Supplemental heat can turn a poor drying day in November into a beautiful drying day, says Joy Agnew, who manages ag research services at Prairie Agricultural Machinery Institute (PAMI).
“Even if it’s 100 per cent humidity outside and it’s cold, if you warm the air by 10 degrees, you cut the humidity by half. Now it’s 50 per cent humidity and warm air, so it’s perfect drying conditions.”
Agnew thinks supplemental heat has been under-used, although last year’s fall gave it a boost. “But I think it can be utilized almost yearly. And that’s going to widen the harvest window.”
PAMI plans to analyze whether higher grades will make the investment in a supplemental heating system worthwhile. At interview time PAMI was lining up the last bit of funding. Agnew says they hope to have the economic analysis done within a year.
The first thing to know about supplemental heat is that the warmer the air, the more water it can hold, says Agnew. The more water the air can hold, the greater the drying capacity.
Farmers should set a target of 15 C to 25 C for air going into the grain. Anything lower than 15 C won’t have much drying potential, Agnew says. Air hotter than 25 C turns the bin into a heated air dryer, and the bin’s air flow rate can’t handle those high temps, she says.
Whether or not a farmer can dry grain when it’s -10 C outside depends on the system’s heating capacity. If it can only handle a 10 C increase, it’s unlikely to be useful when the outside air temperature is below 5 C.
Agnew also warns that if farmers are adding heat when it’s really cold out, they should keep the air temperature below 25 C as it enters the bin. With hot air inside the bin and cold air outside against the bin’s steel surface, “you’re guaranteed to have condensation and freezing in those situations. So when it’s freezing cold outside, kind of dial back the target temperature going in.”
Equipment options are, Agnew says, “becoming really interesting because there are so many new players in the equipment option game. For example, the oil and gas industry is realizing the potential of grain drying as another opportunity for their equipment.”
The oil and gas industry’s high-capacity fans and heaters are perfectly suited for grain drying, Agnew says. Most bin fan manufacturers have heater options as well, she adds.
Natural gas is by far the most cost-effective way to fuel supplemental heat. Propane, electric, and diesel are also options.
Hydronic systems, which use things such as flax straw as fuel, can also work and can be a low-cost option to produce heat. “The biggest drawback of supplemental heat is the cost to fuel it, basically.”

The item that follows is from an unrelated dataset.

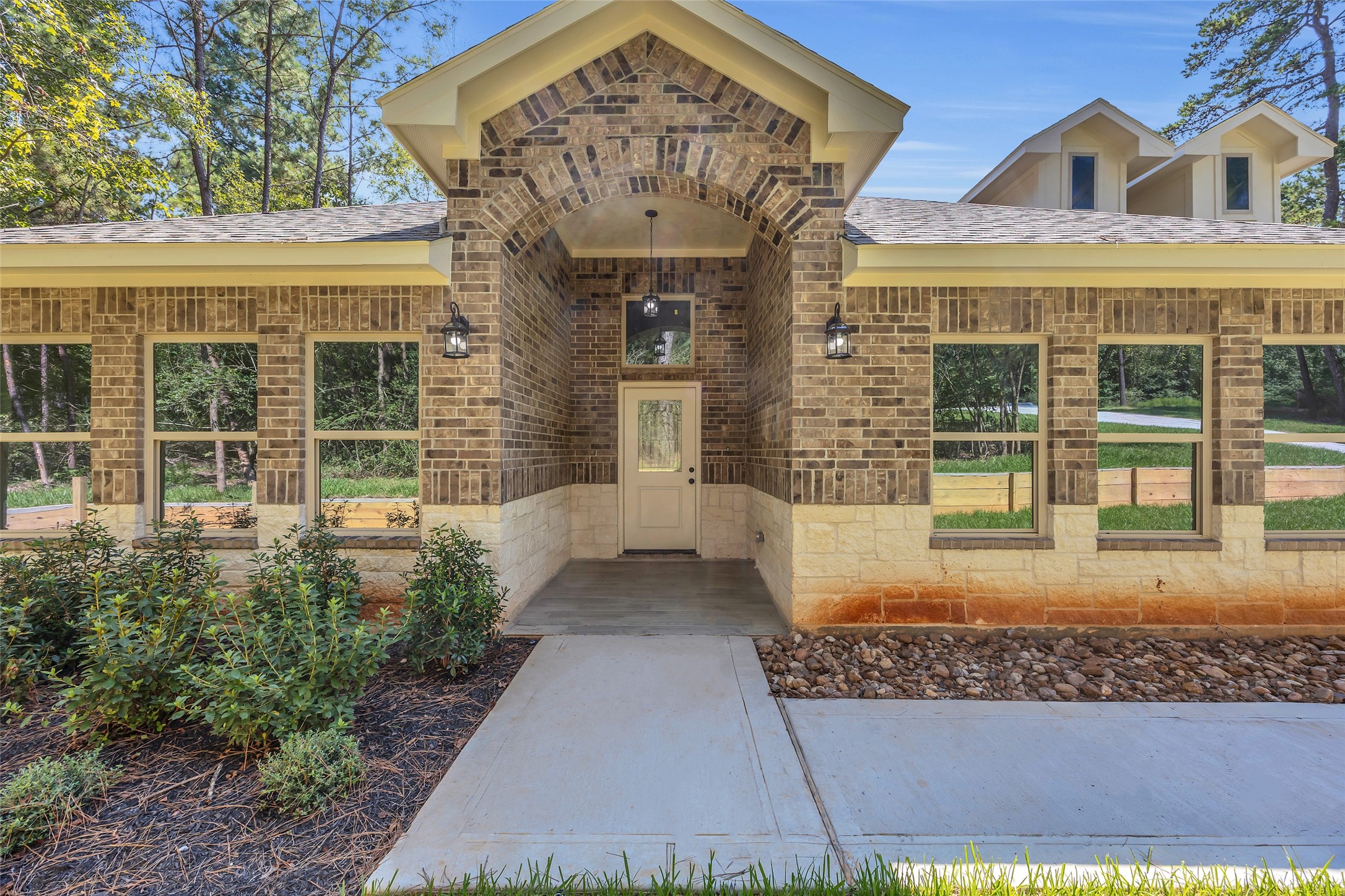 162 Bighorn Road Huntsville, TX 77340 - Photo 1 of 48 This photo showcases a modern brick home with a welcoming front entrance, featuring a covered porch and large windows. The house has a landscaped garden and set in a wooded area, offering a serene and private setting.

Heaters can be upstream or downstream of the fan, depending on what works for that situation, Agnew says. Portable heaters are also an option.

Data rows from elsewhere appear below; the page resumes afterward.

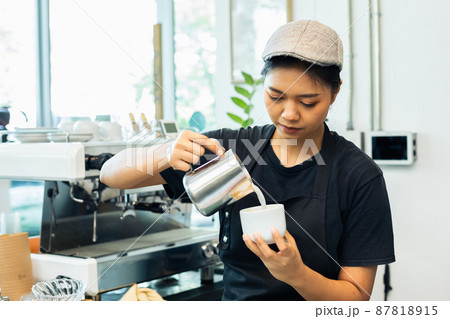 woman barista wear apron uniform making coffee in cafe counter serve for customer. 87818915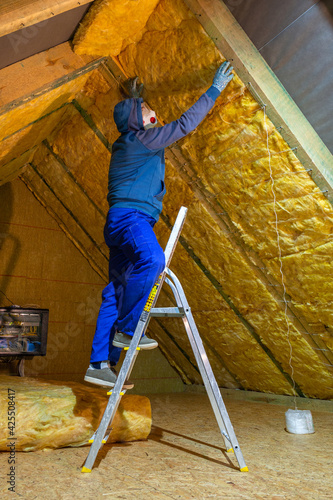 Foto The man insulates the attic of the house with mineral wool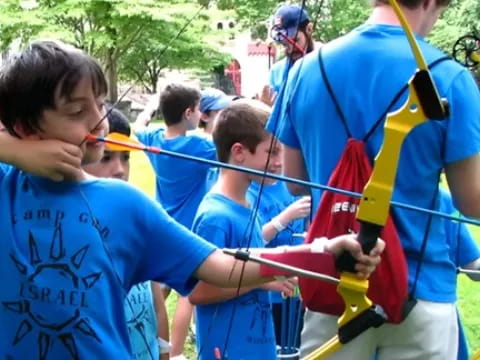 a group of people holding a toy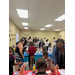 A wide view of a room full of kids painting.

Farmers can also put together their own systems. “I’ve heard of all kinds of farmer-rigged systems that work great. But not many of them are commercially available.”

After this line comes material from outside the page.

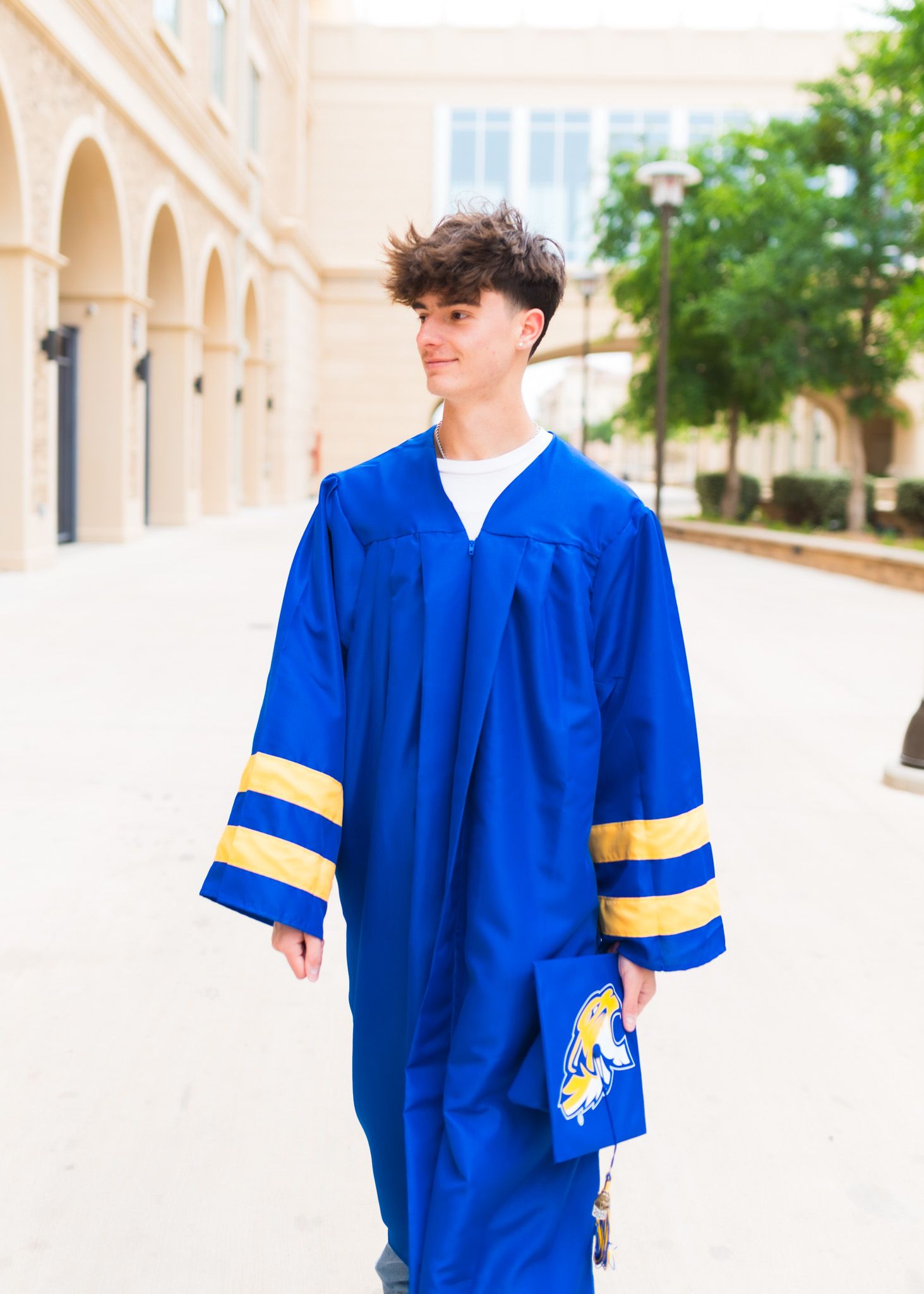 Graduate in bright royal blue cap and gown with gold stripes on sleeves stands in outdoor colonnade.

For example, Agnew says a group of Humboldt-area farmers have retrofitted a swimming pool heater system into a hydronic system. Agnew says it’s “extremely robust” and easy to maintain.
The drawback to most heating systems is that they’re either on or off. “You can’t dial it in to have a specific temperature going in to the grain.”
The swimming pool system comes with controls that create a consistent air temperature going into the grain, which is an advantage.
“The energy to pull moisture out of the grain comes from both the airflow rate and the temperature difference between the air and the grain,” says Agnew.
Farmers adding heat to the air will need at least one CFM per bushel. Anything lower than that risks heating the grain without removing moisture, Agnew says.
Agnew says there’s also a rule of thumb to figure out how much BTU one needs: airflow rate in CFM/bu. x target temperature increase (in Fahrenheit) x 0.8. Agnew says the target temperature increase is usually around 18 F.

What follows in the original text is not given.